Applicant has no job but wants to pay 12 months rents

16 Replies

Hi all, new landlord here. 

This applicant recently divorced with one kid and 2 dogs. She was a stay-home mom and has no income. 

As part of the divorce, they are selling the house, and it is under contract (verified that piece of information). 

She has funds from inherit IRA, saving, selling the house...

She offered to pay 12 month rent up front. 

Should I Consider? 

No. Unless she has verifiable sources of income to provide you assurances I would not rent to her. Do not fall prey to sob stories. It will bite you in the rear end. If she can get someone to sign the lease with her as a guarantor then you might consider it. 

@Liwei Zhou I wouldn't rent to this person either. They may have the funds to pay 12 months up front but they have no source of income. Once those funds run out, how is this person going to pay the bills? You have no security beyond the 12 month period and if you have to evict after those 12 months, the holding costs alone wouldn't make it worth it. 

I would consider it if she checks all of the boxes and her child and dogs are ok.  If I was skeptical I would consult an attorney and likely make a clear, tailored 12 month lease.


I have rented to recent divorcees before with horrible credit because of their significant others and have had very good luck.

There are many factors to consider besides income. She doesn't have a Landlord reference but she did own a house. However, her credit may show stable payments, but maybe her husband was the stable one and she's financially reckless? Also, people tend to go wonky after a divorce, engaging in reckless behavior, dating issues, etc. And she has two dogs.
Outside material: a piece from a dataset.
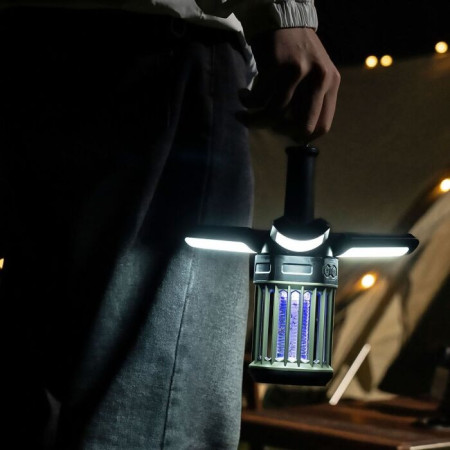 Lampe piège moustiques Sorbo Camping Lantern Zapper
Personally, I would pass. Many renters will offer to pay a lot of rent up front to avoid you looking too deeply into their past.

If you do I would sign a month to month lease with the funds in escrow.  While she doesn’t have a job she most likely has income in the form of child support and alimony.  How is her credit and what has she said her plan is for future income.  Hopefully in 12 months this moratorium nonsense will be over and if she doesn’t pay she can leave.  I would also suggest a co-signer, should be low risk for them since money is paid up front they are just guaranteeing she will pay or leave in a year.  

I can see how this could happen in a divorce situation, but I don't let that sway me in my business. I don't like upfront rent at all and don't want to be locked in for that year via a lump sum if they can't pay other things or can't do normal maintenance inside the house while living there.

This is tough because if he has the funds, then he should be able to withdraw monthly with ease. I would make sure I have a very solid lease written that protects yourself as much as you possibly legally can. Or, just get a normal tenant with a background, credit check, and jobs.

@Liwei Zhou  How about putting the rent in an escrow account and draw the rent each month on the due date? That way, rent is not actually paid ahead, but guaranteed for the year, and if something happens and you have to evict, you don't have to pay rent back.

@Liwei Zhou

Set up your own rental criteria you would be comfortable with frequently 3x or 4x rent as gross income. Min credit score. # of references. Whatever YOU feel comfortable with. If someone meets that criteria rent to them. If they don’t you pass. Decide if you will allow co-signer. But I strongly suggest to sit down and think about the criteria you want to use to protect your asset and set your standards.

Also be careful about state or local laws that allow you to only collect so much rent at once Or certain deposit sizes. She may have cash now and may pay rent for a few months but 100k in the bank doesn’t guarantee you get paid in throughout your lease.

Prepaid 1 year in advance looks wonderful if all your other conditions are met. Assume that is in the bank.

Focus on month 13. Ask your tenant for the plan after year 1 to determine if she will still qualify. She might not be able to show you recent work history, but could convince you she has marketable skills and could earn enough to qualify. Alternatively, maybe she's a retiree and can point to savings. You might be able to work something out where year 1 is pre-paid and year 2 is escrowed and she gets it back if she moves out; otherwise it is used for rent. It is probably unreasonable to plan past year 2.

Getting a co-signer would be ideal.

If she is recently divorced, she likely has child support. How much is it compared to the rent? How much is in the inherited IRA? Is it recently inherited and she is zeroing it out or is it set up for XX amount a year for so many years, or does she have to take the minimum distribution each year and how much it that compared to the annual rent?

She may have income, just not a job.

What are her plans for the future?  College?  Job training, does she have job skills, has she every had a job?  It may be that she is employable and had desirable job skills, just needs to apply, or she maybe a more kept woman that will never work.  Or she may be on grants for college for years and neve have $.

Lots of things to consider.

@Liwei Zhou

I would not allow a tenant to pay for a full year in advance for these reasons-

1. Although they may have the money for rent now, they may not be able to budget money and this could become a problem when it comes to paying their utilities on time . Even more so, if you are listed as revert to owner with your utility companies.

2. This could allow the tenant to become relaxed with no threat of eviction and could resort to unfavorable hobbies- such as drug and/or alcohol use. It could be more difficult to evict them because you have been paid in full for a year.